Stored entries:
Start of Block
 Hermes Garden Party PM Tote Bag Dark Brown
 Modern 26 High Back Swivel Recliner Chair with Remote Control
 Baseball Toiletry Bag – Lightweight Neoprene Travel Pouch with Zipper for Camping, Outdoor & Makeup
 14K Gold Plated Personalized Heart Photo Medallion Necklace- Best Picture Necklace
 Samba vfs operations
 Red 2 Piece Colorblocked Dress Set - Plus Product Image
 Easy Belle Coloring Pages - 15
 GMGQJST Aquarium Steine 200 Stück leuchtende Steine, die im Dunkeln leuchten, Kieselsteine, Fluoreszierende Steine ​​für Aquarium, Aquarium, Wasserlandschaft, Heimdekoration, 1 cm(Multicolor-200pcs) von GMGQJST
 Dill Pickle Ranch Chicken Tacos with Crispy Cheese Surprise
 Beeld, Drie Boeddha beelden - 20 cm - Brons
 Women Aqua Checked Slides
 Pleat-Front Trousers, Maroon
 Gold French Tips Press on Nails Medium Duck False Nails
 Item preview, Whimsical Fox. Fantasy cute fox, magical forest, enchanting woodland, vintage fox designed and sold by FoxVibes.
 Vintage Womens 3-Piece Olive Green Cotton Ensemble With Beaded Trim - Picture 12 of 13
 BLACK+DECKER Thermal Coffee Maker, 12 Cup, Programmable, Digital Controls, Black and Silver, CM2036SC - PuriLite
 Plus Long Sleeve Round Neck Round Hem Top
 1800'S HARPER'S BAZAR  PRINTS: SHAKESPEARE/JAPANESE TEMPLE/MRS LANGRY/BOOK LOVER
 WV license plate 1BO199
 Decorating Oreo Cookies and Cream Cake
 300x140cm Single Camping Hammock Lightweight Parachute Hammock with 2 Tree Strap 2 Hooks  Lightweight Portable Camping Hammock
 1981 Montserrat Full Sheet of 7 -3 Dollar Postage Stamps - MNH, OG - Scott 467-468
End of Block
THE TASK:
Exactly reproduce the lines of the data above that run from the line containing "300x140cm Single Camping" through the final one.

EXERCISE RESPONSE:
 300x140cm Single Camping Hammock Lightweight Parachute Hammock with 2 Tree Strap 2 Hooks  Lightweight Portable Camping Hammock
 1981 Montserrat Full Sheet of 7 -3 Dollar Postage Stamps - MNH, OG - Scott 467-468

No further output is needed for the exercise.